Je conçois très bien que l’on souhaite se distinguer des déclamations emphatiques à la Mounet-Sully, mais qu’on veuille bien se rappeler que les Enfants du Paradis (et les Vieillards de l’Orchestre) ont droit eux aussi à la totalité du texte. Faut-il rappeler à ces professionnels du spectacle que le naturel n’a pas vraiment sa place au théâtre, ce monde entièrement fait d’artifices et dans lequel il faut qu’une confidence faite à l’oreille d’un personnage sur scène soit entendue de la place la plus modeste de la salle ?

Alors, ma supplique : montez le son, sacré bonsoir !

Heureusement et Phèdre, et Oenone, et Thésée étaient parfaitement audibles. C’est l’essentiel non ?

 

Une réflexion sur « Phèdre – Critique aisée n°193 »

  1. Les théâtres parisiens sont mal foutus pour la plupart, en tout cas inadaptés à la façon intimiste de susurrer aujourd’hui la tragédie plutôt que la déclamer (on regrette le TNP). Il en va peut être mieux pour la comédie, les acteurs y sont moins complexés.
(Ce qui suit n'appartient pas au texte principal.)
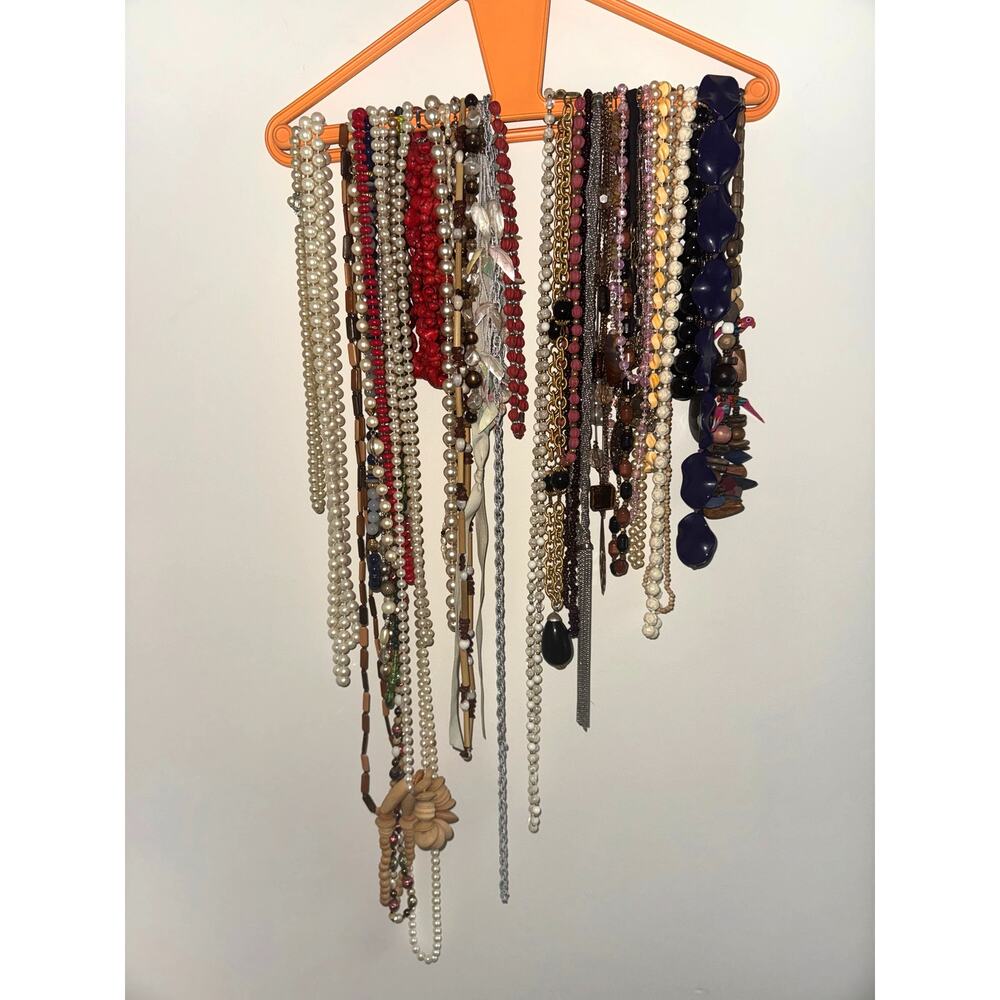 Over 6 Lbs Vintage Costume Necklaces Beaded Statement Multi Color Lot‎ SN101 - Picture 6 of 9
En plus, les sièges des théâtres parisiens sont parfaitement inconfortables. Et pourtant, Paris s’est doté de salles de concert modernes et confortables. Moi qui fréquente un peu ces lieux de musique classique et d’opéra (comique ou bouffe…), je remarque qu’ils sont de plus en plus fréquentés par les jeunes générations et le prix des places plus abordables. La Comédie Française ferait bien d’en prendre de la graine.